[Stored data entries]
::::::::

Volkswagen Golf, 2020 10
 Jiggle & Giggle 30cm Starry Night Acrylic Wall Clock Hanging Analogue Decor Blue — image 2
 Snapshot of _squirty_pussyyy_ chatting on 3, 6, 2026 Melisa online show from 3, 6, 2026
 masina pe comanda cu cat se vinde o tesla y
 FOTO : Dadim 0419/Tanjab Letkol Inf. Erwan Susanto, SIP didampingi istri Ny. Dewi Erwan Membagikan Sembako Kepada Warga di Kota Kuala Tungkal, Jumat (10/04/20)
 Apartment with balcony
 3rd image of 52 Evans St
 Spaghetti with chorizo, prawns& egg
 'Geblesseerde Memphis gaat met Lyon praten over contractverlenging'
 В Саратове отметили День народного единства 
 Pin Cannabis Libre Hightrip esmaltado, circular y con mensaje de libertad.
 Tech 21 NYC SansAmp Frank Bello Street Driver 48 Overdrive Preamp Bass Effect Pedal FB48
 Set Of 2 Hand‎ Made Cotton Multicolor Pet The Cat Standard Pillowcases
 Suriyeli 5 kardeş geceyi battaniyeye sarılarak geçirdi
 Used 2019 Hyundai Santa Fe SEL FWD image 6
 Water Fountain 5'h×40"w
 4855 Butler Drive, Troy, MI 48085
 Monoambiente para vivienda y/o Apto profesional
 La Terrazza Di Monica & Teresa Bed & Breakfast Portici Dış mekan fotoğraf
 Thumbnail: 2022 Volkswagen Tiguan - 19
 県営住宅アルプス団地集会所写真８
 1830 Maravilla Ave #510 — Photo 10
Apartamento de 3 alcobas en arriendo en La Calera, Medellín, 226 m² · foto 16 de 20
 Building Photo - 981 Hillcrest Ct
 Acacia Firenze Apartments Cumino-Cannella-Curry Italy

::::::::

Work instructions
Going from the line that has "Set Of 2 Hand‎" through the last line of the entries, retype each line exactly as given and add nothing.

Answer to this task
 Set Of 2 Hand‎ Made Cotton Multicolor Pet The Cat Standard Pillowcases
 Suriyeli 5 kardeş geceyi battaniyeye sarılarak geçirdi
 Used 2019 Hyundai Santa Fe SEL FWD image 6
 Water Fountain 5'h×40"w
 4855 Butler Drive, Troy, MI 48085
 Monoambiente para vivienda y/o Apto profesional
 La Terrazza Di Monica & Teresa Bed & Breakfast Portici Dış mekan fotoğraf
 Thumbnail: 2022 Volkswagen Tiguan - 19
 県営住宅アルプス団地集会所写真８
 1830 Maravilla Ave #510 — Photo 10
Apartamento de 3 alcobas en arriendo en La Calera, Medellín, 226 m² · foto 16 de 20
 Building Photo - 981 Hillcrest Ct
 Acacia Firenze Apartments Cumino-Cannella-Curry Italy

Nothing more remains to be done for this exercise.